Connect with us

Genel

İrfan Sandıkçı: İstinye Muhtarı’nın işi gücü belediyeye karşı algı yaratmaktır

Published

on

blank

Sarıyer Belediyesi CHP Meclis Üyesi İrfan Sandıkçı, gazetemizin Genel Yayın Yönetmeni Çetin Ali Aytaç’ın sorularını yanıtladı. Sandıkçı, İstanbul’daki sorununa ilişkin önemli değerlendirmelerde bulundu. İstinye Mahallesi Muhtarı Recep Alkan’a çok sert tepki gösterdi.

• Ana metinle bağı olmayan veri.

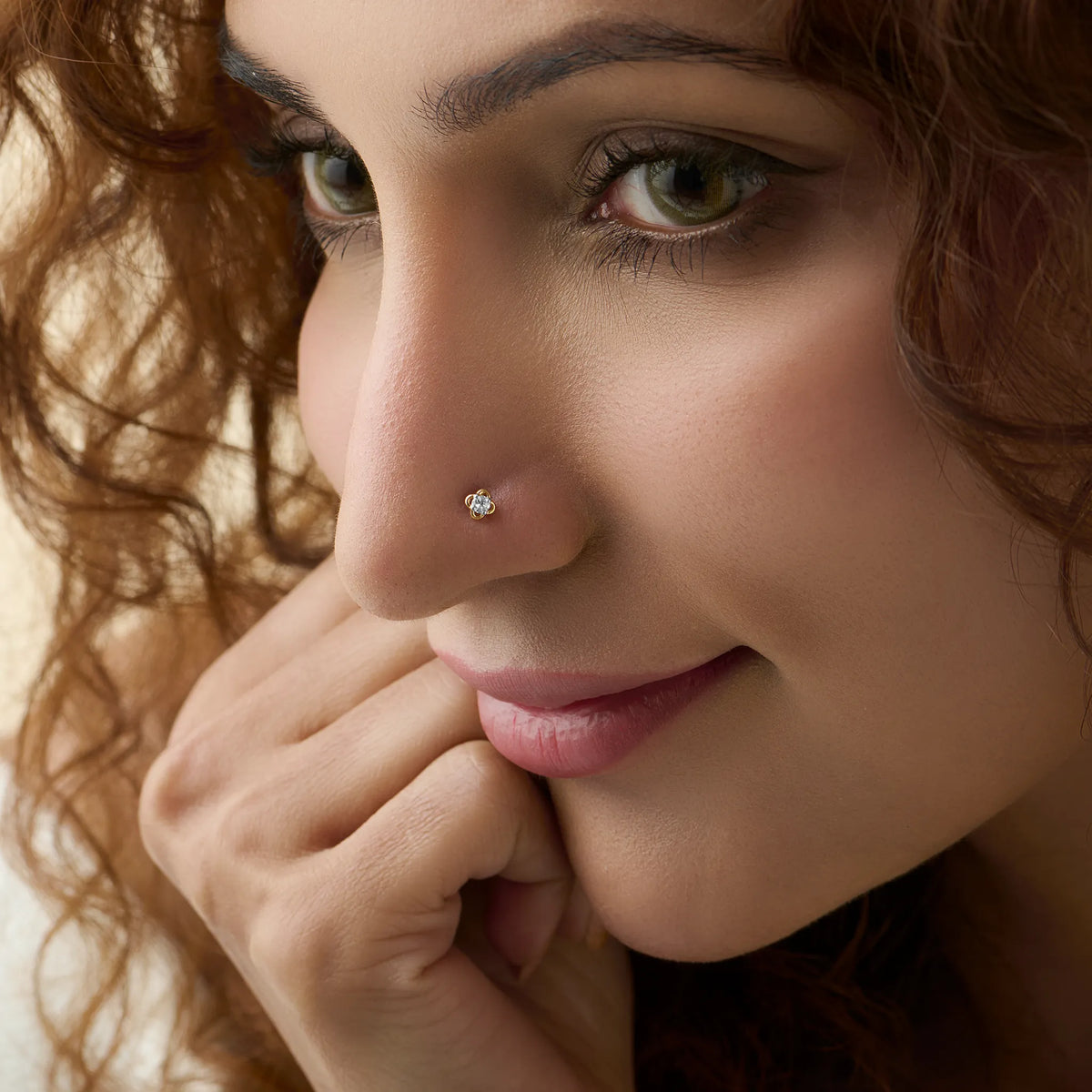 Close-up side profile of a woman wearing a delicate gold flower nose pin with a shiny stone.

İstanbul’da yaşanan taksi sorunlarını gazetemize değerlendiren Sarıyer Belediyesi CHP Meclis Üyesi İrfan Sandıkçı, “İstanbul’un en az 5 bin taksiye ihtiyacı var. İBB’nin bu yeni taksi çalışmasını öncelikle direksiyon başındaki şoförlere ihale usulüyle yapması gerekirdi. O taksilerde şoförlük yapanlar, kendisine ait olan taksilerde şoförlük yapsın. Aksi halde, taksilerde tekelleşmenin kırılması zor olur. Günlük yevmiye ile çalışan taksiciler, para kazanabilmek için yine daha gergin, daha aksi olmaya devam edecekler. Tekelleşmekten kurtulmak için bu sistemi kurmalıyız.” ifadelerini kullandı. İstinye Muhtarı Recep Alkan’a da sert tepki gösteren Sandıkçı, “İstinye Muhtarı’nın tepkileri tamamen siyasidir. Hizmetle siyaseti ayırmak gerekiyor. İşi gücü belediyeye karşı İstinye’de bir algı yaratmaktır. Daha önce de belediye parkı yıkıyor, sağlık ocağını yıkıyor diye algı yaratmıştı. Ben bunu açık açık ifade ediyorum; muhtar burada insanlara yalan söyledi. Muhtarsan muhtarlığını yapacaksın.” dedi.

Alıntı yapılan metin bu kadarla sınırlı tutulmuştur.